Wednesday, November 29, 2006

Measuring Their Love

If I could, I would continuously poll my students throughout the semester. I would poll them about all sorts of stuff, like what they thought about that time I wore jeans to class, or how much they liked my new haircut, or how charming they thought I was during my lecture on paraphrasing.

But the most important question I could ever ask is this one: Do you love me?

I want my students to love me. I think my obsession with winning and keeping their affection goes back to the first semester I ever taught. There were fourteen of us TAs in one office that semester, and people were constantly comparing their classes. Two of the girls would consistently slink back from teaching looking like they'd just come back from war. "My students hate me," they would moan. "It's just so clear--they loathe me."

That's when I would smile and shrug and tell them it would get better eventually.

"Do your students like you?" they asked.

"My students love me," I chirped. I was very, very annoying. And I was very, very annoying because I was trying to prove myself to everyone around me. After all, I came in at twenty-one years old, and I spent a lot of time before my first day worrying my students would sense my young-ness, my inexperience, my fear, and there would be a bloody coup, and they would hang me upside-down from the chalkboard. When none of that happened, I was so happy and so relieved that I couldn't stop talking about how they loved me. They loved me. Some loved me too much.

But ever since then, I've wanted every single class to love me the same way. I want my students to look forward to coming to my class because--let's face it--when they are happy with the course and the teacher they are more attentive and less likely to fall asleep in a puddle of their own drool. They might actually learn something.

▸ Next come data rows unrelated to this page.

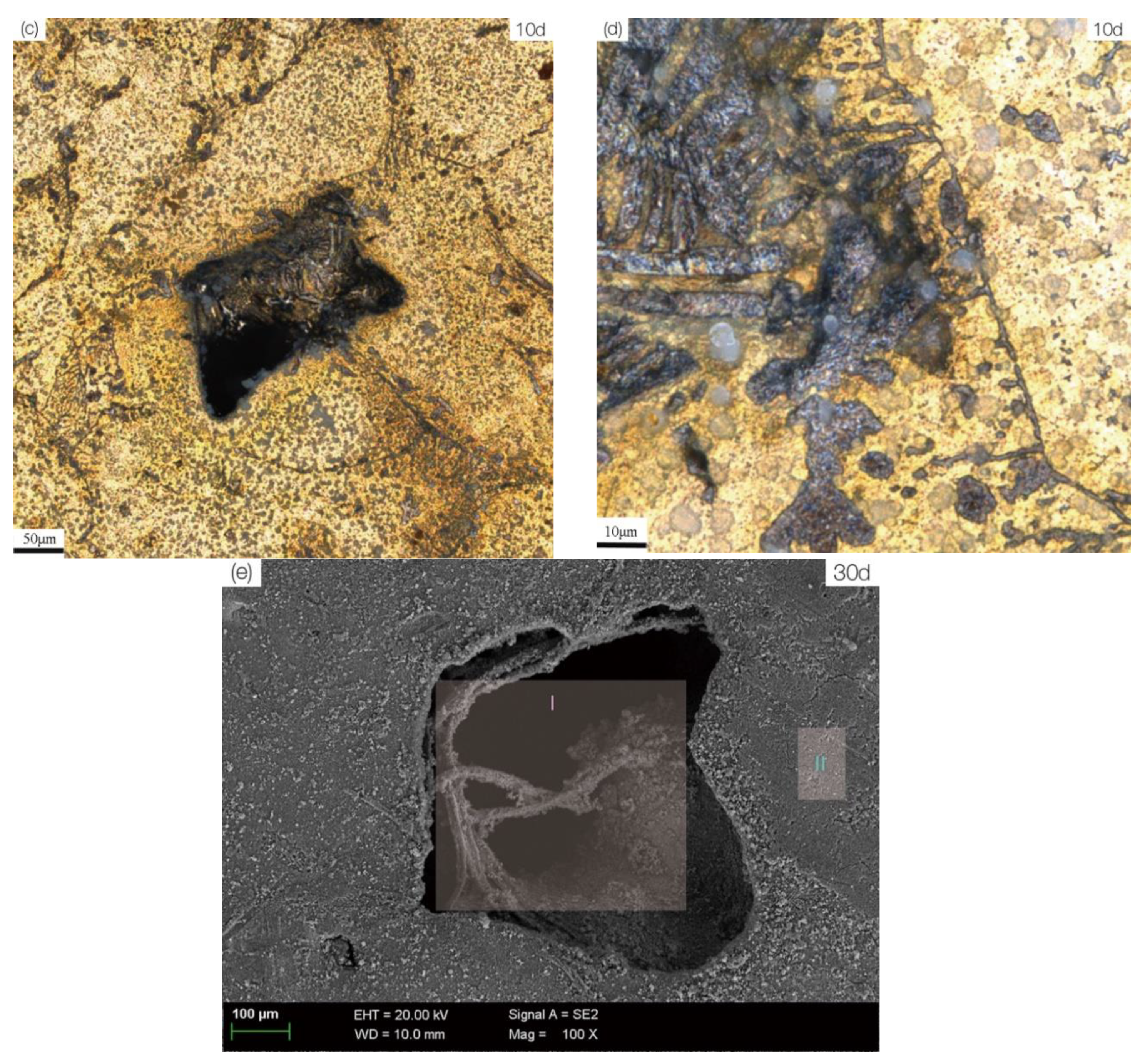 Materials 13 01790 g007b Materials 13 01790 g007b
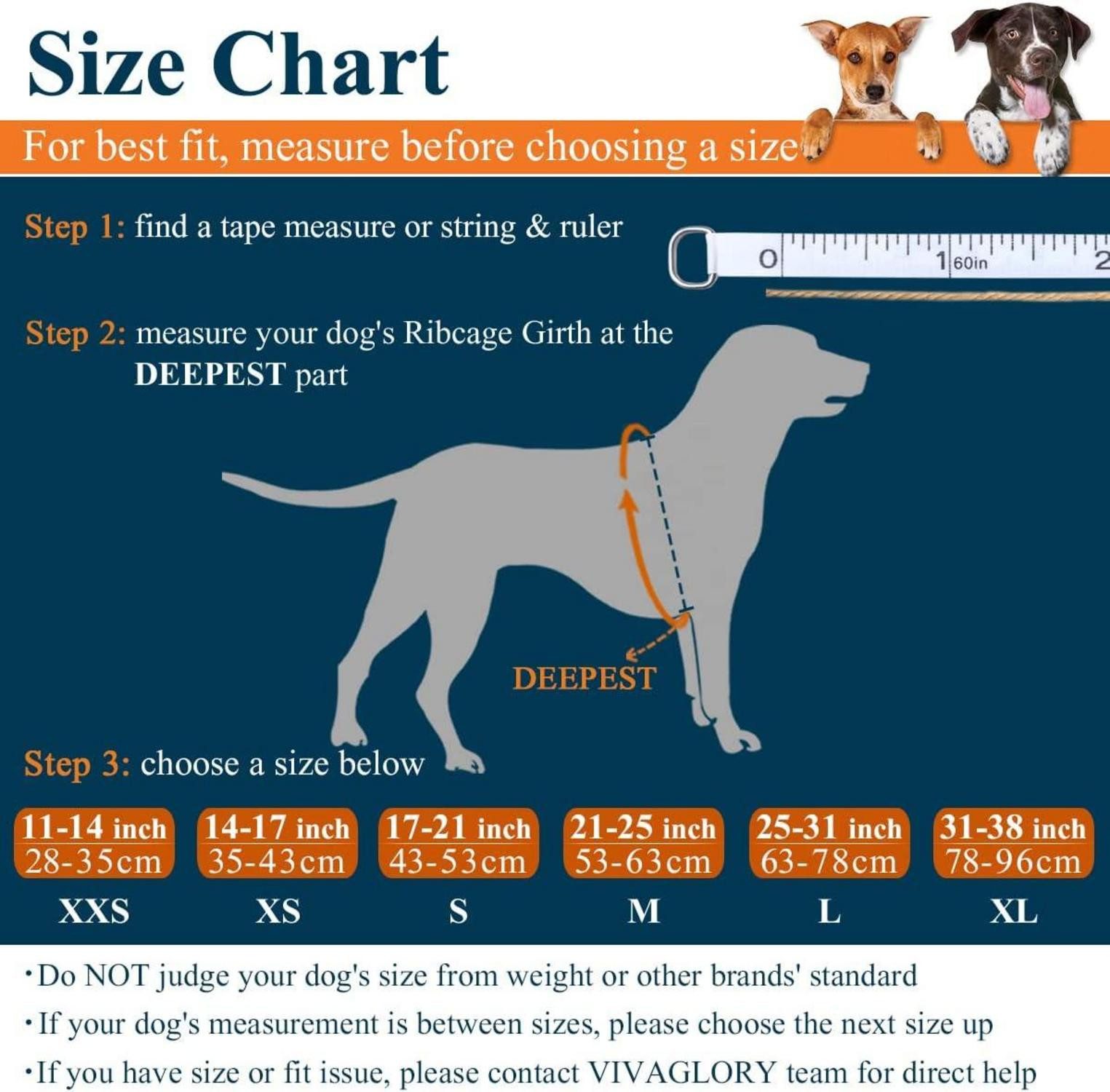 Thumbnail - VIVAGLORY Schutzkragen Ripstop Hunde Rettungsweste für Kleine Mittel Große Hunde Blau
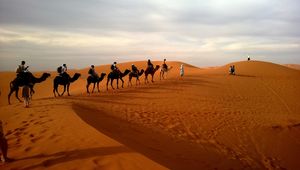 Preview wallpaper camels, caravan, desert, safaris, dune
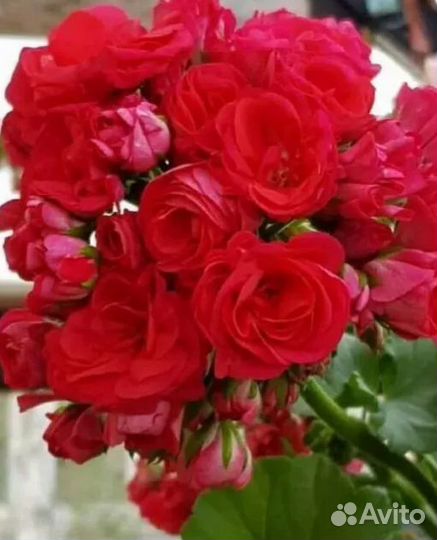 Стартеры сортовых пеларгоний в 0,5л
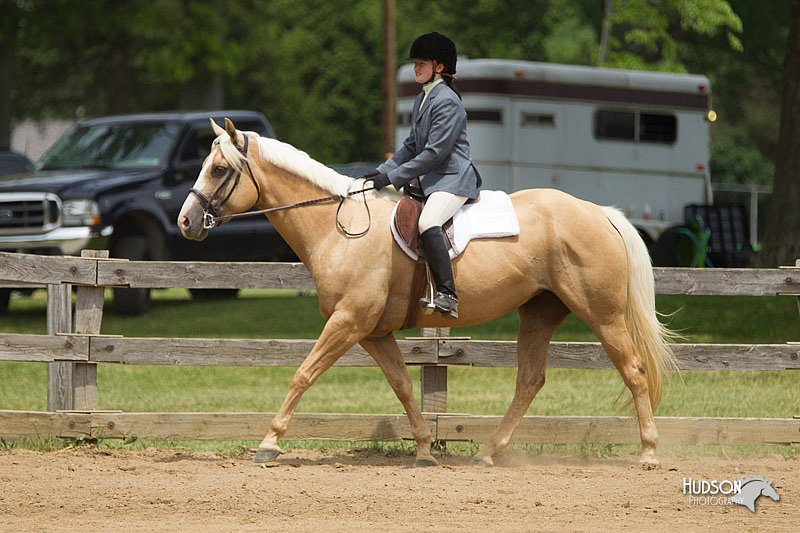 4H-Fun-Show-11_0467.jpg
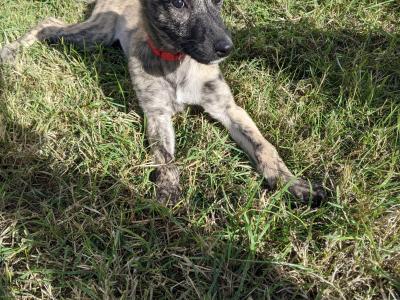 Scottish Deerhound Cross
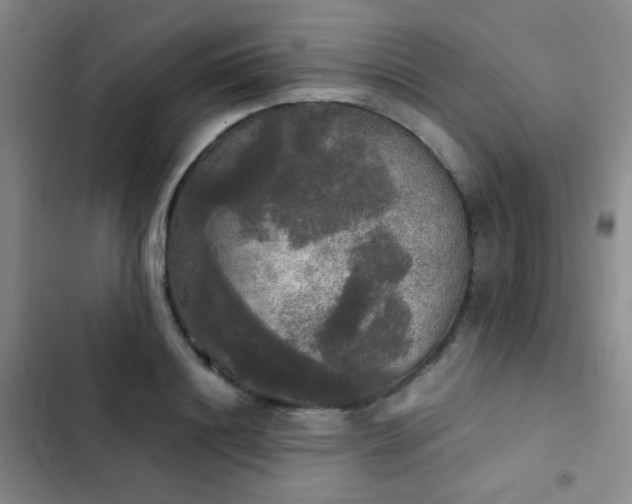 X0000103220844200808281406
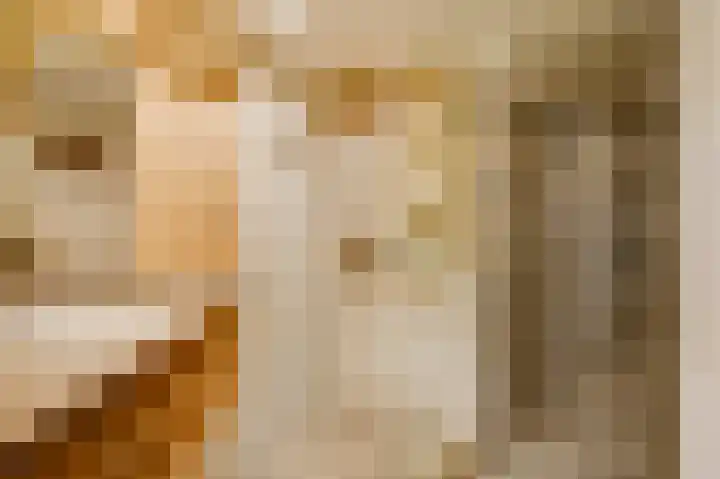 Beukenlaan 15 Sint Odiliënberg thumbnail 13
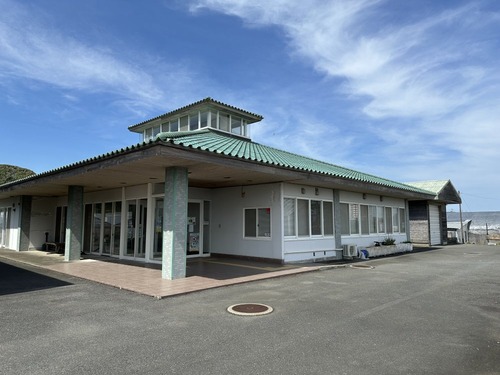 野島崎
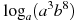 \log_a (a^{3}b^{8})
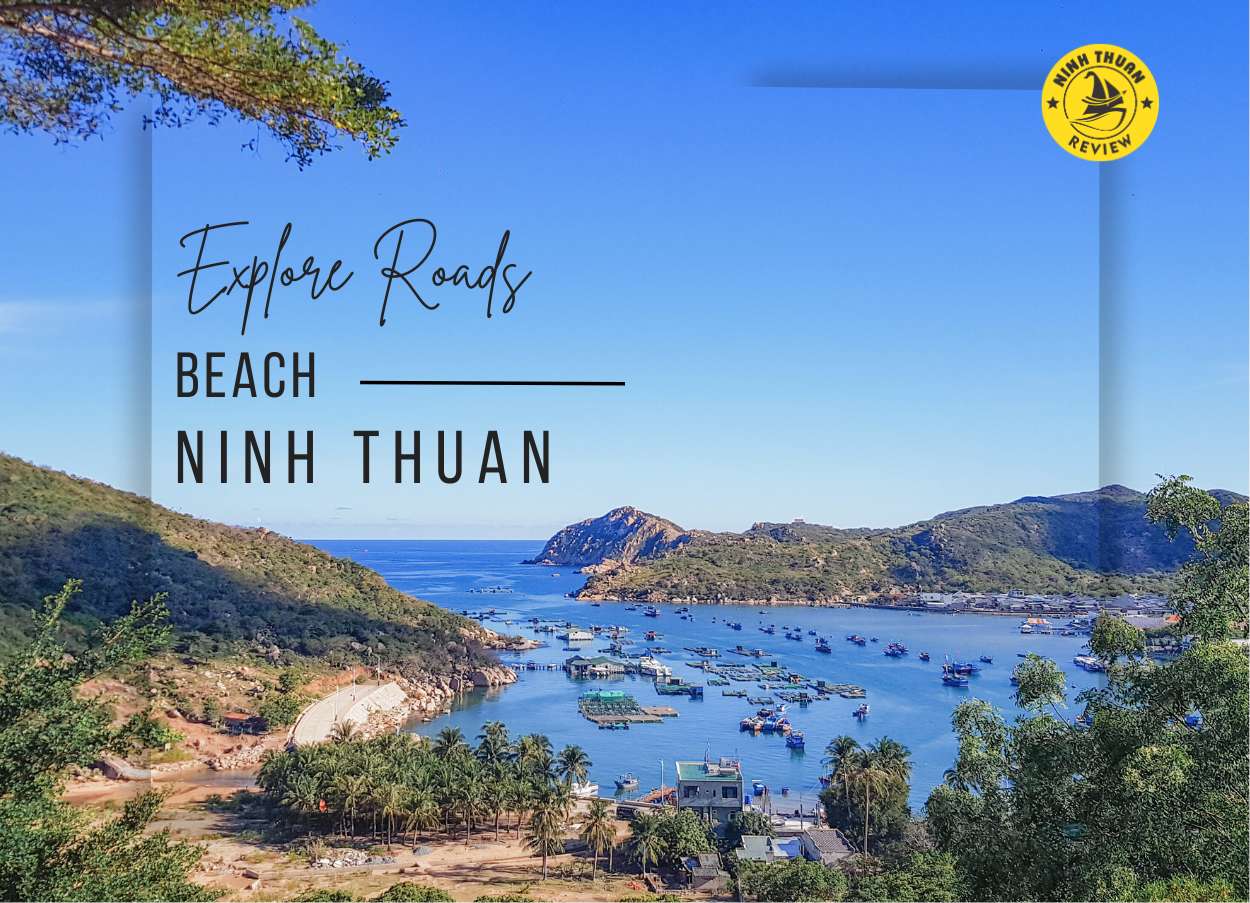 Mãn nhãn với cung đường đèo ven biển Vĩnh Hy - Bình Tiên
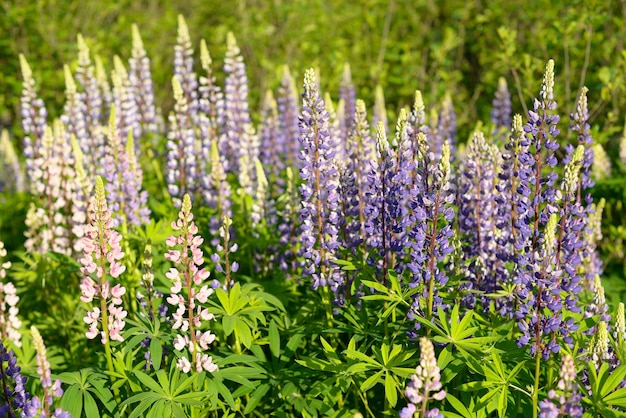 Lupinen in einem vernachlässigten Garten eine Blumenwiese in blau rosa und lila Sommerblumen im Wald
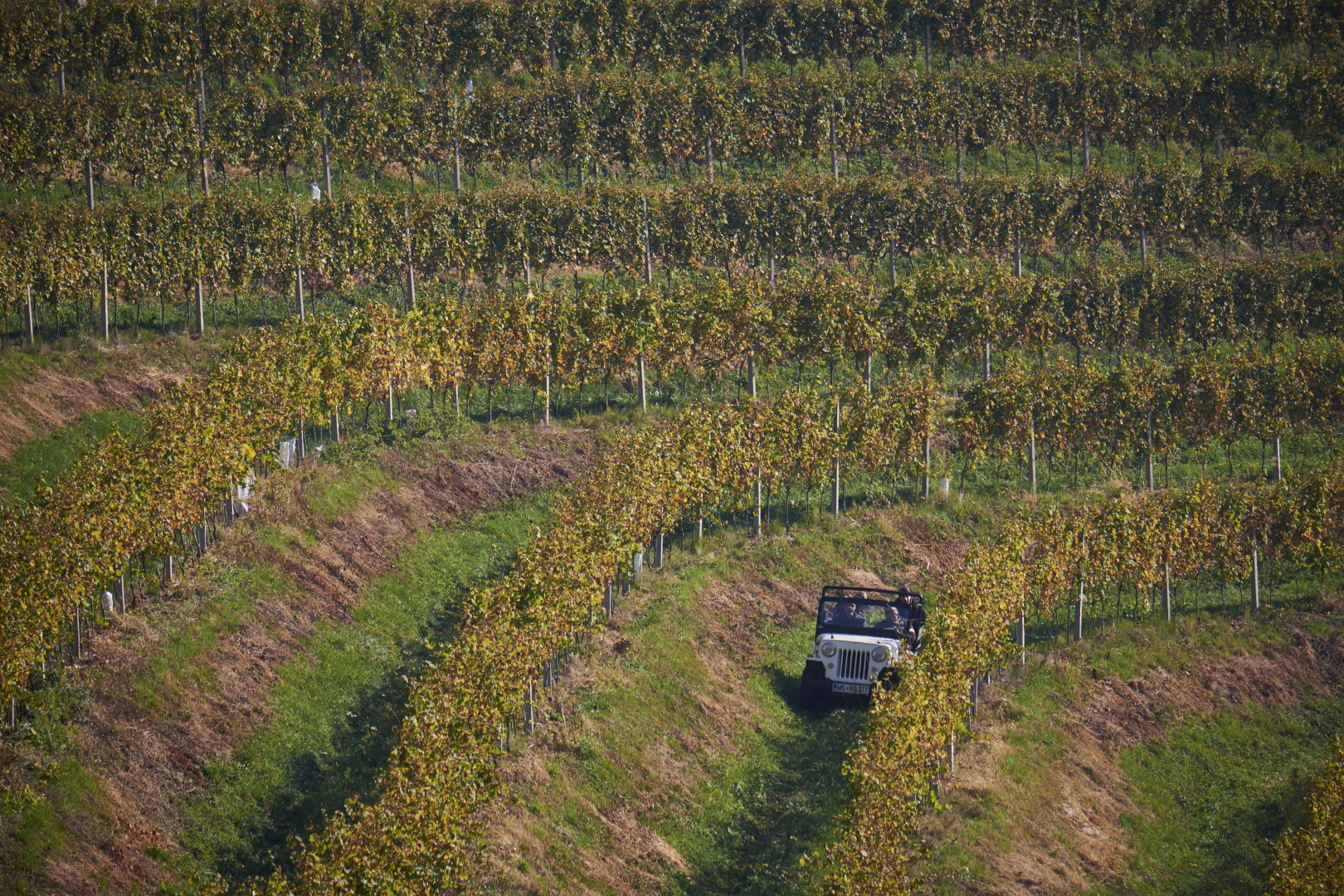 Вилла Holiday House Podhamer Marijan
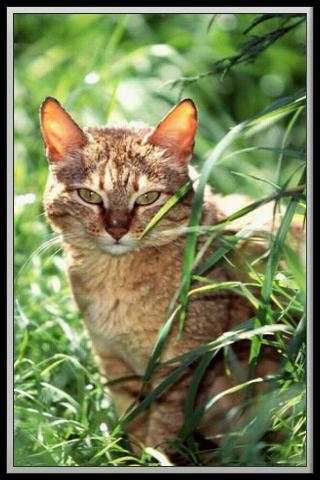 Cat translator screenshot 1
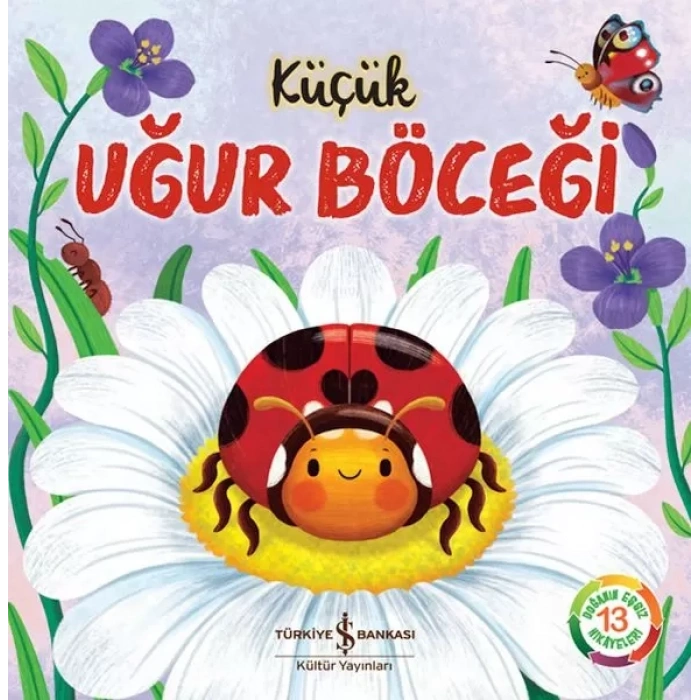 Küçük Uğur Böceği - Doğanın Eşsiz Hikayeleri 13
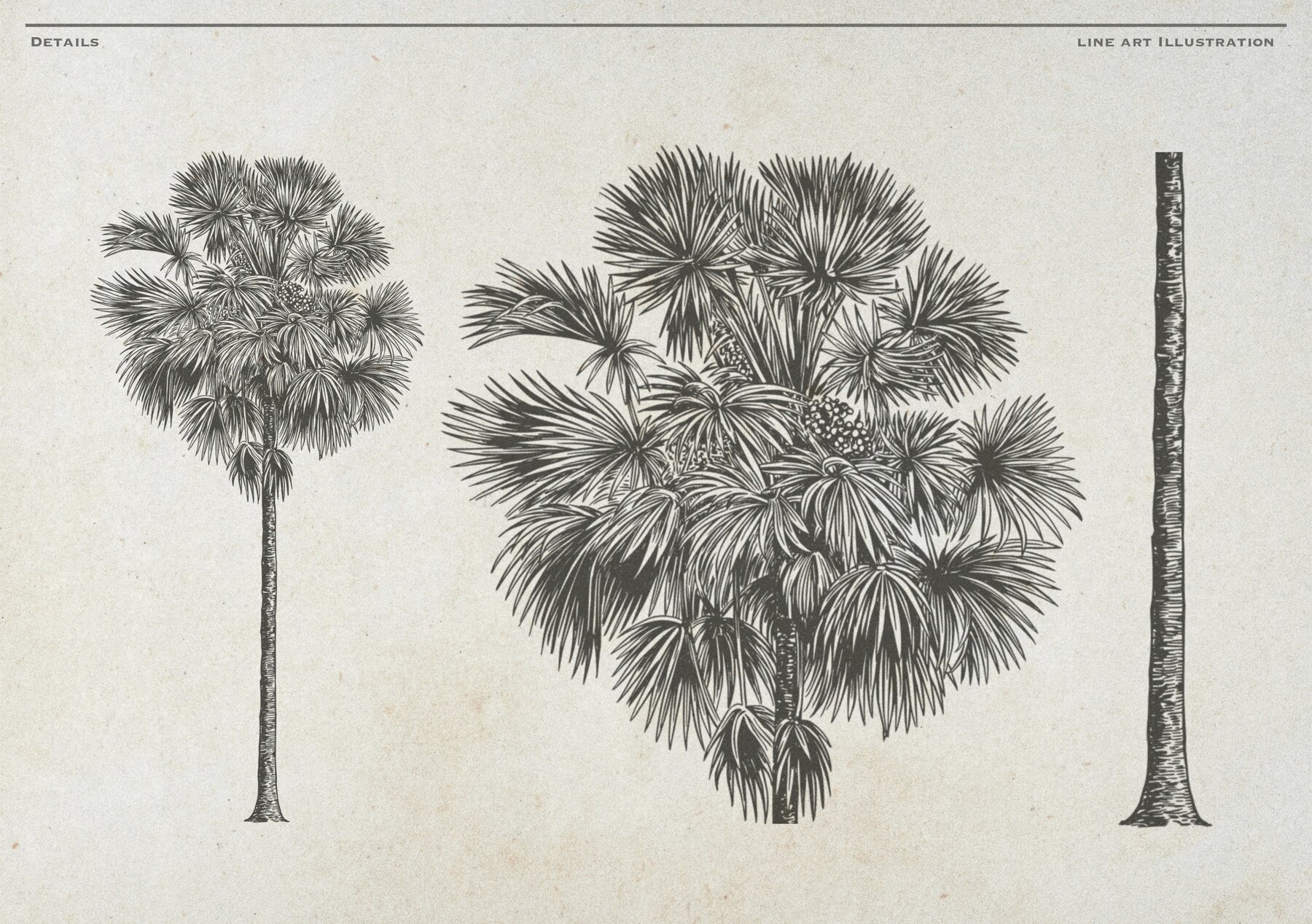 Hand Drawn Palm Tree Vectors 15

Sometimes it's hard to measure a class's love. Sometimes you wonder if there's a thin line between loving a professor and wanting them to explode in a firey ball of death as they're talking about the proper use of apostrophes. Sometimes you look into your students' eyes and think, They're totally fantasizing about killing me right now. Of course, there are other times when you look into your students' eyes and think, They're totally fantasizing about me right now. Sometimes it's hard to tell which of those options is the better one.

Still, there are other times when you know exactly what a class feels. This week was one of those times. The class schedule for next semester is out, and students are registering. This means I can now pop open a tentative class list and see who is enrolled in my courses. I did that the other day, excited to see the photo list of my new students. As the pictures loaded, familiar faces began to pop up. Not one familiar face, not two familiar faces, not three familiar faces. At least ten. Ten familiar faces in one class. I went to my next course. Same thing. Many, many familiar faces popped up. I had repeat students. Tons of them.

The next day I showed up to class and one of my students--a boy who never fails to sit in the front row, a boy who refers to me as Miss Jess, a boy who surely must have a raging (albeit charming) case of ADHD--cleared his throat.

"Miss Jess?" he said. "Miss Jess, I really want to be in your class next semester, but that means I'd have to move my chemistry lab section, and the only other one available meets at 7 AM."

"That sucks," I said. I figured this was his apology to me, that he was trying to explain why I wasn't going to see him in next semester's class.

"But I think I'm going to do it," he said. "It's going to be hell, but I think I'm going to do it."

That is pretty much the biggest declaration of love you can get from a student, and I spent the rest of the day wallowing in that flattery.

5 comments:

Anonymous said...

Disciples are good for the ego, but they also make the class so much easier to teach. I have an undergrad class this semester that's three quarters repeat students, and it is pure bliss. I got another happening next semester.

Wait until someone becomes an English major because of you--(though knowing you that's already happened.) It's even better when they switch to English from something practical like business or accounting.

Jason said...

Getting the students to enjoy my class had a pragmatic purpose, too. If I can establish early on that I'm not evil, then it's easier to honestly critique their work without them interpreting it as hostility. And I'm brutal on their papers, so that's important.

KC in Katoland said...

Who needs a sweatpants wearin' rugby boy when you have ADHA chem dude?

Jess said...

HE IS EIGHTEEN YEARS OLD, SWEEN. YOU ARE GROSS.

KC in Katoland said...

Let me clarify--why do you need romantic love when you can have complete AND PLATONIC adoration. You are too old for an 18 year old. Duh.